Today all of a sudden it started acting all squirrelly. WIndows seemed to go back to the login screen for no reason, then when my daughter logged back in it worked normally, but then FireFox crashed, then Windows crashed, giving her various error messages and alternating blue, black and normal looking screens.

We shut it down, then restarted it and Windows would not boot at all. I instructed her to boot in safe mode, she did, but the pointer refused to work and she could do nothing.

At this point I read the instruction manual and discovered how to get into the pre-loaded "PC Doctor" application, ran this, and ran a system check. Results were all hardware passed except memory, here are the memory results:

Memory Advanced Pattern Test: Fail
Memory Bit Low Test: Fail
Memory Bit High Test: Pass
Memory Nibble Move Test: Fail
Memory Checkerboard Test: Fail
Memory Walking One Left Test: Fail
Memory Walking One RIght Test: Fail
Memory Auxiliary Pattern Test: Fail
Memory Address Test: Fail
Memory Module 20 Test: Pass
Memory Moving Inversion Test: Pass

The only error message she remembered was services.exe - application error: The application failed to initialize properly (0xc0000005)

My question for you is, do you think the new stick of Corsair went bad? Or could something else be causing the crash and the test result?


----------



## etaf (Oct 2, 2003)

could be the memory gone - bathtub curve things fail early in life or late
Do you still have the old 512M you could swap out and see if works ?


----------



## Aggy (Feb 19, 2005)

We do have the old RAM, we will switch it out and see. By the way, what does "bathtub curve" mean?


----------



## etaf (Oct 2, 2003)

bathtub is the shape of the graph you get if you plot failure by time
http://en.wikipedia.org/wiki/Bathtub_curve


----------



## Aggy (Feb 19, 2005)

Wow, thank you! Learn something new every day.
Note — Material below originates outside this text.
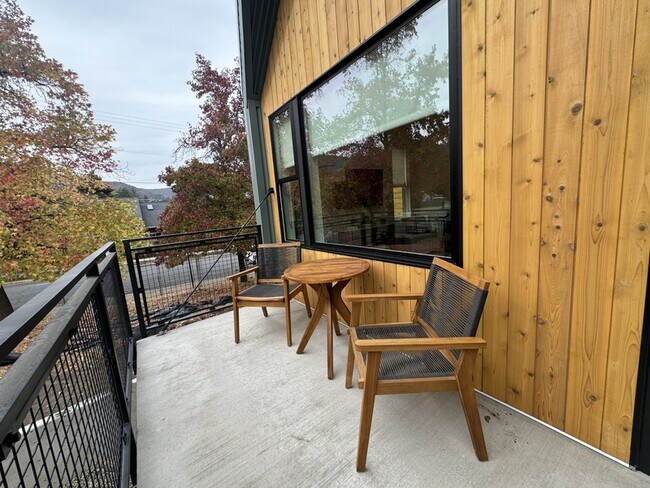 Building Photo - 168 Garfield St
BTW my daughter told me that even though the new stick has been in over a week, she didn't actually use it much at all until the past two days. So that's even stronger evidence we're on the first end of the "bathtub curve". Thanks, she'll put the old one back in later today and I'll report results. If it does happen that the new RAM is bad, do you think I should buy it from Lenovo instead of getting a new Corsair? Their prices are higher but I'm worried there may be a compatibility problem if we don't use their brand.


----------



## etaf (Oct 2, 2003)

You get a good waranty with corsair and i think they guarantee compatability - so you should be able to have it swapped


----------



## Aggy (Feb 19, 2005)

etaf said:


> You get a good waranty with corsair and i think they guarantee compatability - so you should be able to have it swapped


Worth a shot, thanks!!


----------



## DoubleHelix (Dec 10, 2004)

Aggy said:


> BTW my daughter told me that even though the new stick has been in over a week, she didn't actually use it much at all until the past two days.


If it was physically in the computer, it was being used.


----------



## Aggy (Feb 19, 2005)

She put the original RAM back in and it works fine again. I will order some more from the manufacturer. Thanks for all your help.


----------



## etaf (Oct 2, 2003)

let us know how you get on


----------